**How to complete this task:**
From the records below, output exactly the lines running from the line containing "map of restaurants, bars, coffee" through the line containing "Fototapeta Black and", and no others.

**Exercise data:**
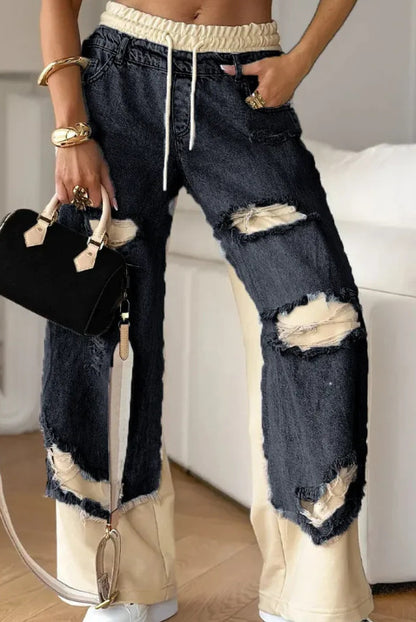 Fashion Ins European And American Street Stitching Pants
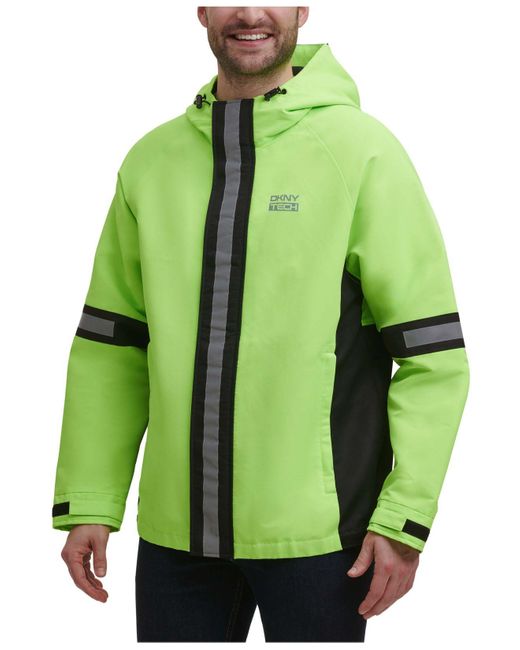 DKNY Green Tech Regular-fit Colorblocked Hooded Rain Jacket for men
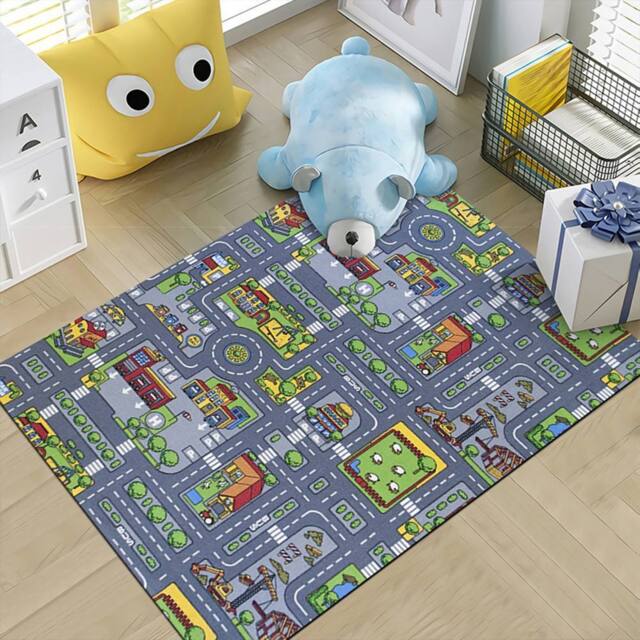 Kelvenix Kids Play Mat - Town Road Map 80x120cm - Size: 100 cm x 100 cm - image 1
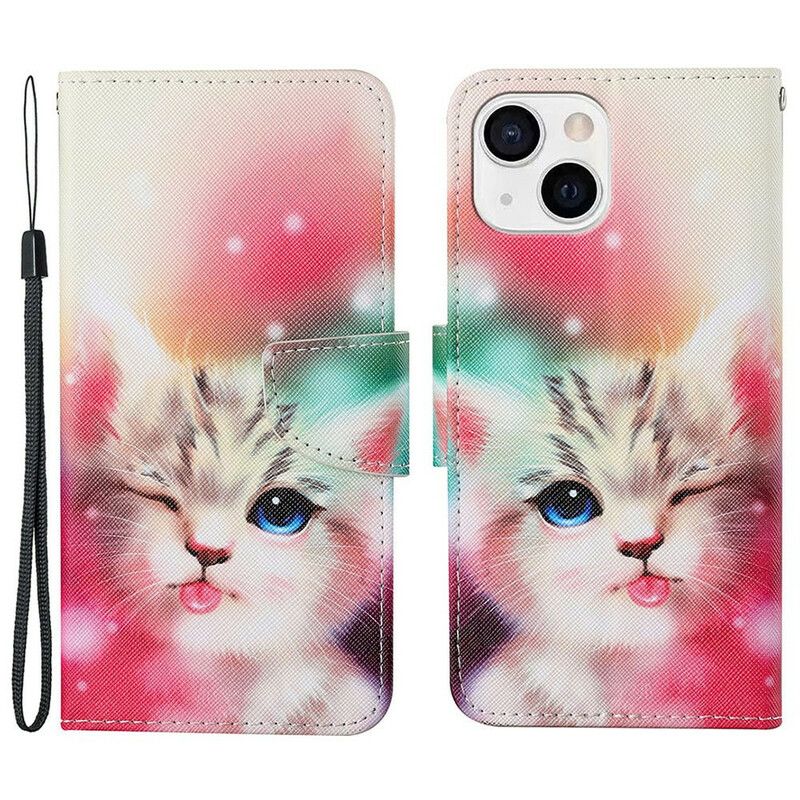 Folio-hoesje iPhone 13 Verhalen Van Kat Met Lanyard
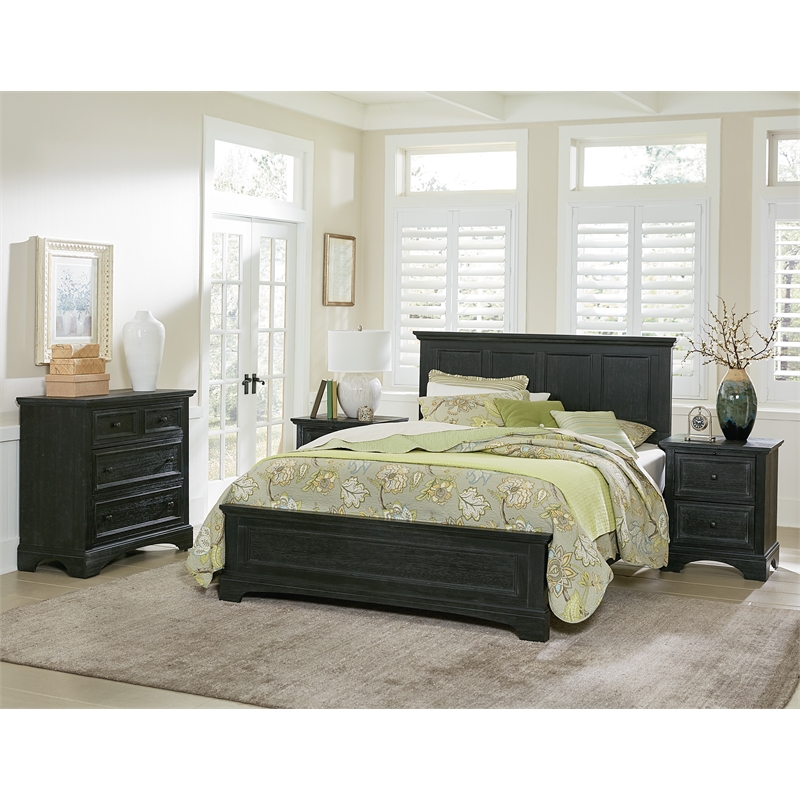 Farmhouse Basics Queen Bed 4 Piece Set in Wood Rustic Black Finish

==

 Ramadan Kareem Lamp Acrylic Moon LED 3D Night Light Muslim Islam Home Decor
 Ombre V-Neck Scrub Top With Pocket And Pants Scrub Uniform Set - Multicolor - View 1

--

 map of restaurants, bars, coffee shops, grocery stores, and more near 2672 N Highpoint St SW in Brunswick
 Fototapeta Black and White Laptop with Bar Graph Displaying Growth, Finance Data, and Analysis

**Exercise solution:**
 map of restaurants, bars, coffee shops, grocery stores, and more near 2672 N Highpoint St SW in Brunswick
 Fototapeta Black and White Laptop with Bar Graph Displaying Growth, Finance Data, and Analysis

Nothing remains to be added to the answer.